The Pool on the Roof

The team at my strange little day job has grown to include several people who live in Brazil, and in the biennial rhythm we've established for gathering all of us remote workers in person, my boss picked out a spot in Rio Grande do Norte for a company trip. But it's a long way to Brazil! So Nina and I decided we'd spend a week in Rio de Janeiro after the week-long working session.

As part of my usual anxiety about visiting a new place, I had to confront my total ignorance about Brazil and Brazilians. What does Portuguese sound like? A little bit like Italian. Can you understand it you speak Spanish? Not really. What do they like to eat there? The Internet thinks they like spaghetti, and they like french fries. They like these little cheese puffs called pao de queixo.
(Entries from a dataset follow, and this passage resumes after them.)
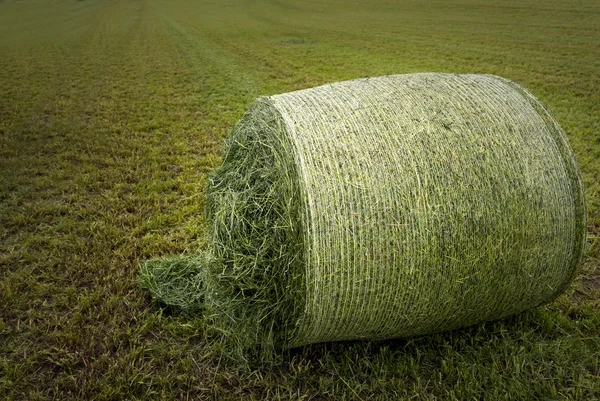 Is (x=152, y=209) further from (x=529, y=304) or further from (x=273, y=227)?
(x=529, y=304)

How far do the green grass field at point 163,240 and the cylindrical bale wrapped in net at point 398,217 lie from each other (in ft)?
0.95

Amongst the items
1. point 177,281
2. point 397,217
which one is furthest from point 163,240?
point 397,217

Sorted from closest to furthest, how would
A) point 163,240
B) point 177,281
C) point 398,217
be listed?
1. point 398,217
2. point 177,281
3. point 163,240

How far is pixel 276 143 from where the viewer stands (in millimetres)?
2805

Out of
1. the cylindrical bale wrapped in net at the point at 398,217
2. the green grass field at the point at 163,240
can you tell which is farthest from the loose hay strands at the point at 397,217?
the green grass field at the point at 163,240

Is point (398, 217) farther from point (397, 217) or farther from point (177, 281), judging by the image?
point (177, 281)

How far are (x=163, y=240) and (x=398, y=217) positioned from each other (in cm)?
275

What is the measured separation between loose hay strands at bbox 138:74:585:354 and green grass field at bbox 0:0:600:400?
10.8 inches

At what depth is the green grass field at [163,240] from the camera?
110 inches

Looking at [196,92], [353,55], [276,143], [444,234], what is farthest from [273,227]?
[353,55]

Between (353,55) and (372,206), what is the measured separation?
44.4 feet

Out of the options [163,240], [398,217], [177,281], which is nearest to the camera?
[398,217]

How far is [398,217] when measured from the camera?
7.92 feet

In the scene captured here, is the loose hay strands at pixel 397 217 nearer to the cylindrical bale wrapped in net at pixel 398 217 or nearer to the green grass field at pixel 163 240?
the cylindrical bale wrapped in net at pixel 398 217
And there is a fully trascendent fish stew called moqueca that I'd unwittingly made before from an Internet recipe. We flew in via a physically challenging direct flight to São Paulo and then a quick hop back up to Natal on the coast, where a guy with a van and a horse trailer for everyone's luggage picked us up and drove us down to the resort town. It was a multi-hour drive that took us south through the countryside, with unbroken farmland on either side of us most of the way until we cut east towards the coast and began to pass the occasional small town marked out by produce stands and trash incinerators.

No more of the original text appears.